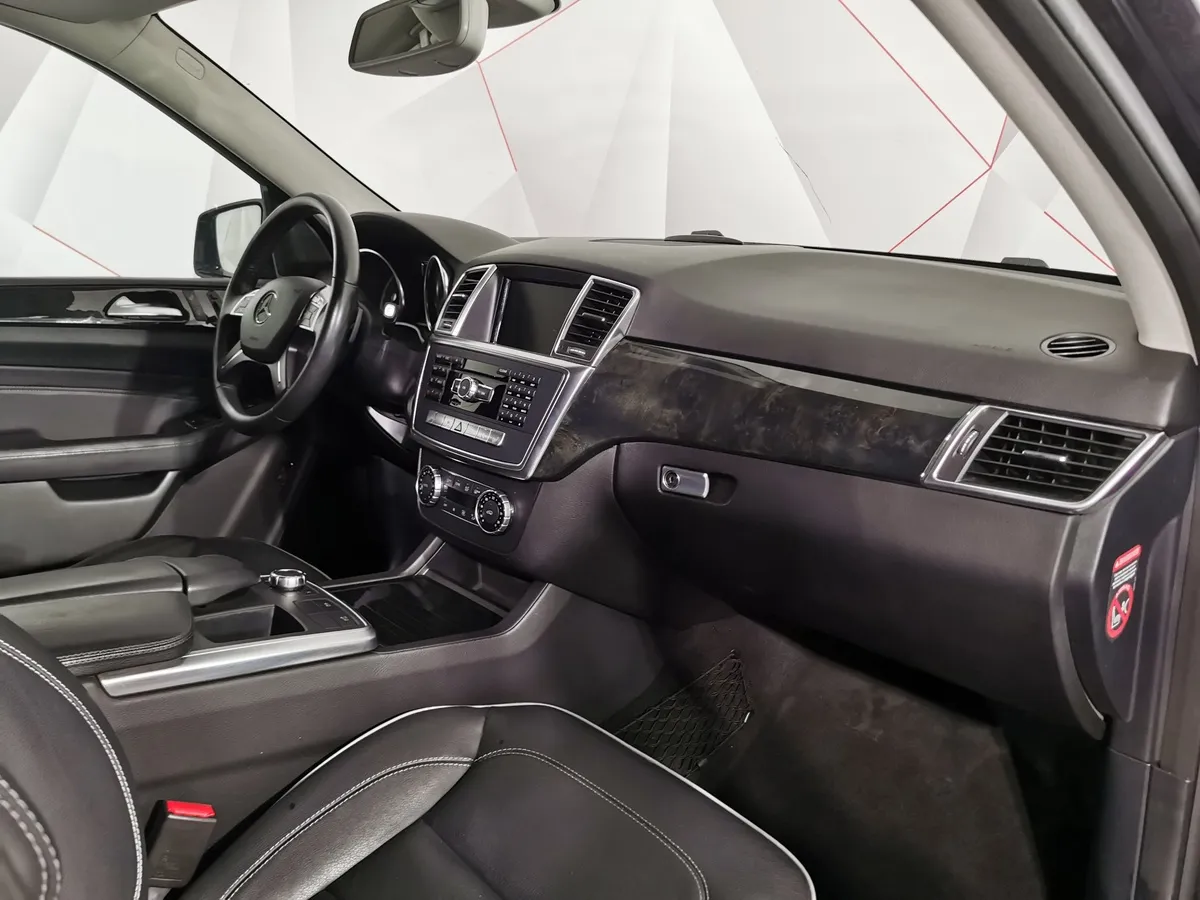 Mercedes-Benz M-Класс ML 350 BlueTEC 7G-Tronic Plus 4Matic (249 л.с.) Черный в АВИЛОН. Слайд №12
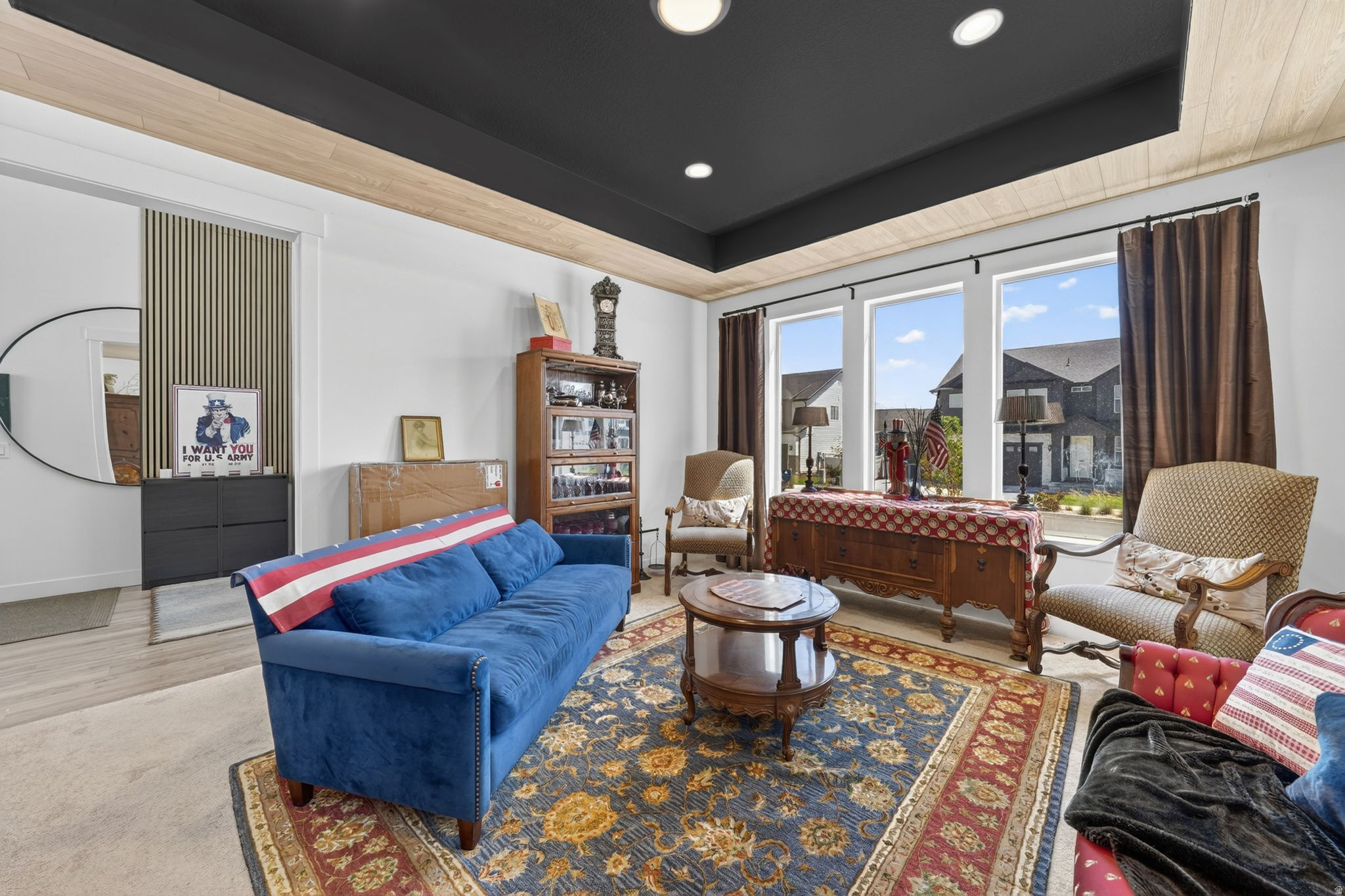 MOUNTAIN RIDGE - Residential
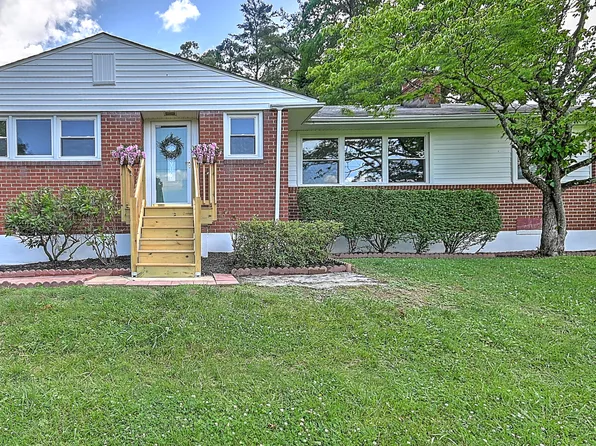 3521 Fort Henry Dr, Kingsport, TN 37664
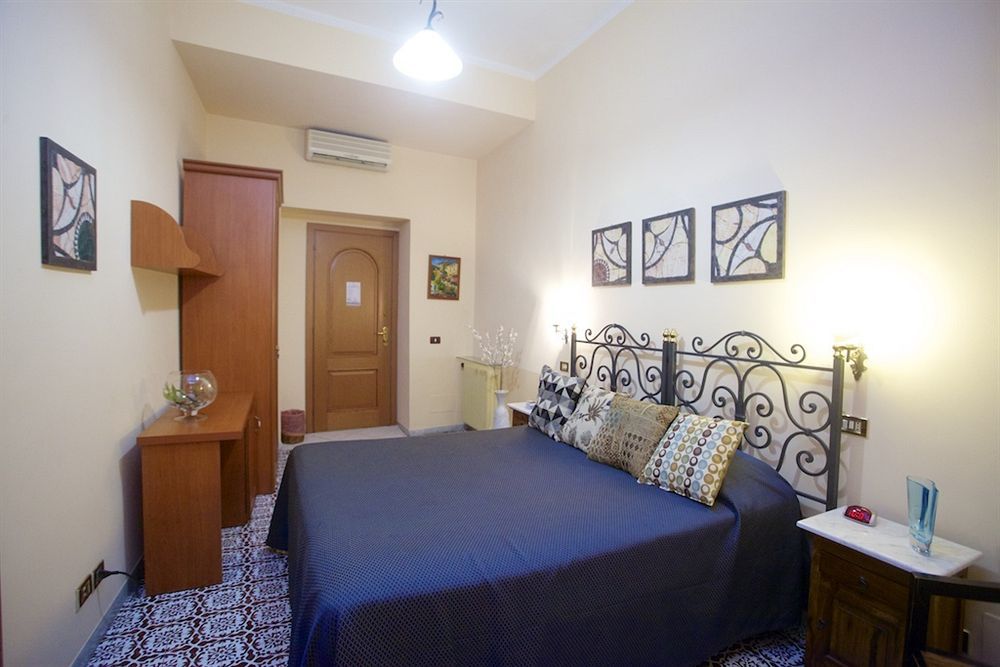 Nicolas Inn Рим Екстер'єр фото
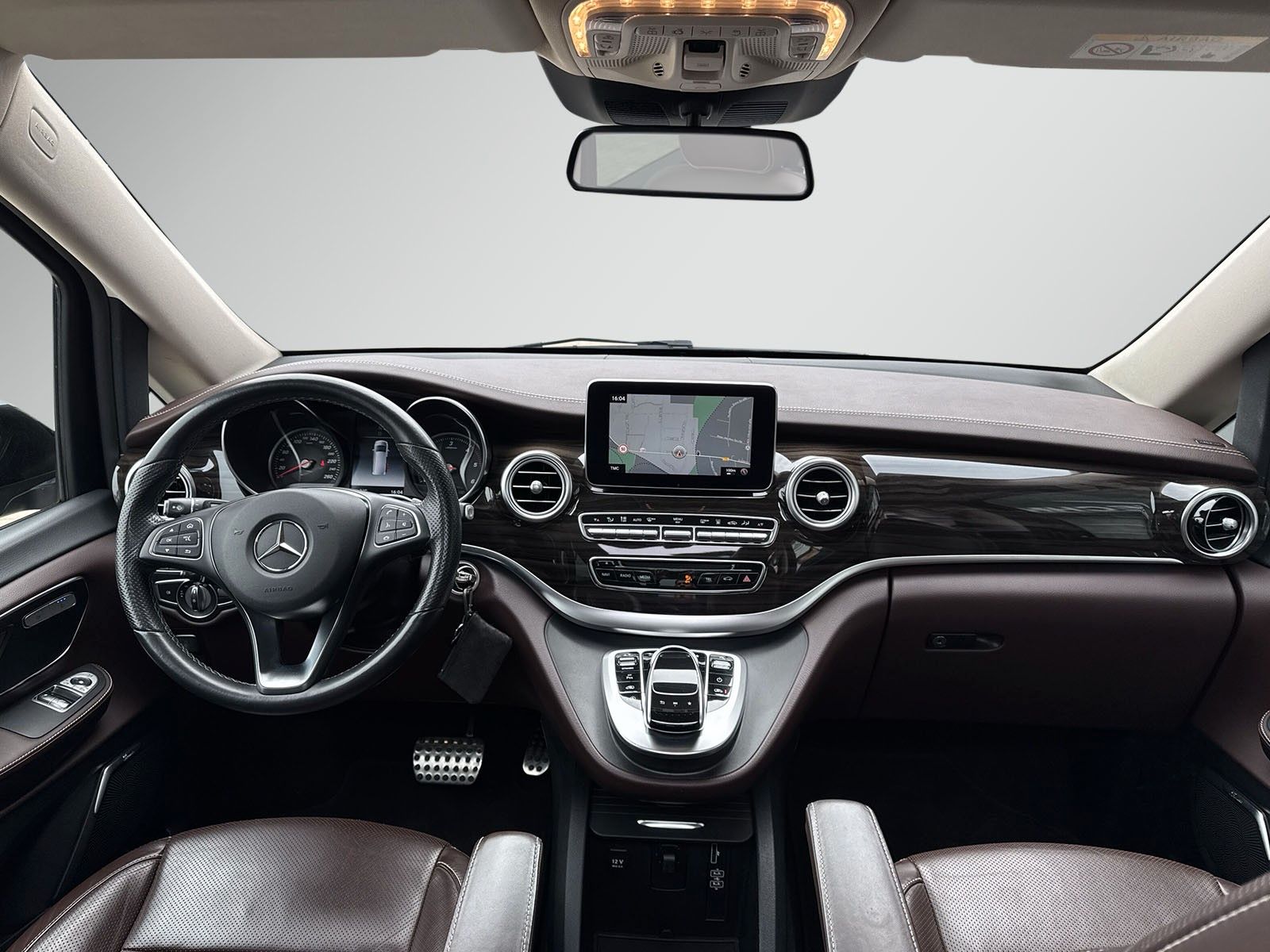 Mercedes-Benz V 250 AMG-Line - Samsaru's Car Outlet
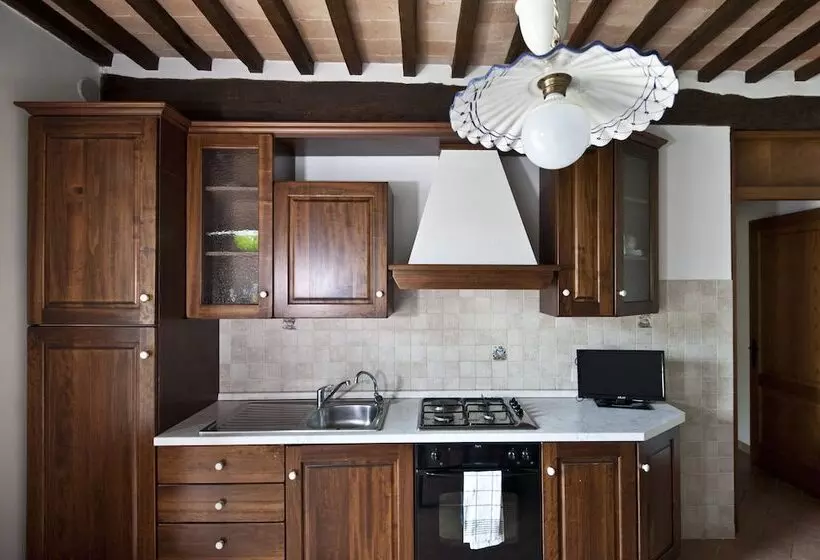 Maaseutuhotelli Agriturismo Oliviera Winery & Hiking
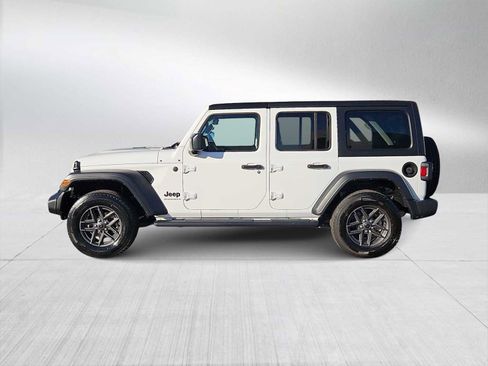 Used 2024 Jeep Wrangler Sport S image 5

════════════════════

[What you are asked to do]
The answer should consist solely of the lines from the one containing "Nicolas Inn Рим Екстер'єр фото" through the last line of the material, copied exactly, with pictures left out.

[Task answer]
 Nicolas Inn Рим Екстер'єр фото
 Mercedes-Benz V 250 AMG-Line - Samsaru's Car Outlet
 Maaseutuhotelli Agriturismo Oliviera Winery & Hiking
 Used 2024 Jeep Wrangler Sport S image 5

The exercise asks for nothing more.